Mathematically, profitability ratio =
Net profit / Sales x 100.
Also, Net profit = Gross profit + Indirect income – Indirect Expenses.
What are the three main profitability ratios?
We can classify profitability ratio into three basic types, although there are over a dozen of them in reality. They are:
basically, margin ratios simply show how well a business converts revenue into profit. Therefore, it measures its ability to generate different types of profits as a proportion of its revenue. Also, margin ratios can be further divided into; net profit margin, EBITDA margin and operating profit margin.
Net profit margin:
We do this to subtract the total costs of a business. Therefore, it includes interest, tax and others, and you can express it as Net profit/ Revenue x 100.
Operating profit margin:
Operating profit margin is the business revenue minus its operating expenses or daily running cost. Also, unlike the net profit margin, it does not include interest or tax owed by the business. We express the operating profit margin as (Net profit + Interest + Tax)/ Revenue x 100.

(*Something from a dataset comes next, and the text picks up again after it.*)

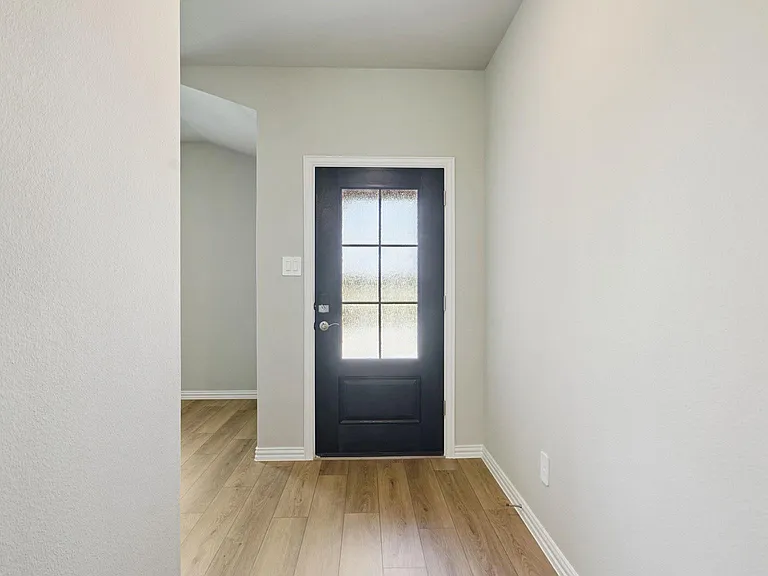 6003 Brittner Dr — Photo 2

This ratio takes a step further than the operating profit margin by not including amortization and depreciation costs, along with interest and tax. Furthermore, it is expressed as: (Net profit + Interest + Tax + Depreciation + Amortization) / Revenue x 100
Return ratio estimation tilts towards the side of the shareholders. In essence, it shows how well a business can generate returns for shareholders. Furthermore, we calculate the return ratio using elements in the business’s balance sheet, including its profit-and-loss account. Therefore, it basically uses the income statement. Examples of return ratios include return on equity (ROE), return on assets (ROA), and return on capital employed (ROCE).
Return on capital employed (ROCE):
This indicates how well a business uses its resources and the higher the percentage, the more effective the business is. Also, we express ROCE (Operating profit / Capital employed) x 100.
Return on equity (ROE):
This expresses the profit per dollar invested in a business by shareholders. Basically, it shows how well a business is managing its investments. We express as (Net profit / Shareholder equity) x 100
Return on assets (ROA):
Just like ROE, this shows how well a business utilizes its assets to generate profits relative to its cost. Furthermore, we express ROE as (Net profit / Total assets) x 100.
Cash flow ratios:
Lastly, cash flow ratios show how well a business covers sales to cash. Also, it displays, in relative terms, whether the business is building a cash surplus or a deficit. Cash flow ratios are important because a business might be very profitable but too slow to collect payments, causing it to slowly run out of cash. In essence, this is one reason why businesses fail. Also, the different types of cash flow ratios include cash flow margin and net cash flow.
Profitability ratio is a very important estimation for businesses and investors. Also, its values and sub-values show an in-depth picture of a business, therefore providing decision-makers with the right information to make the right choice.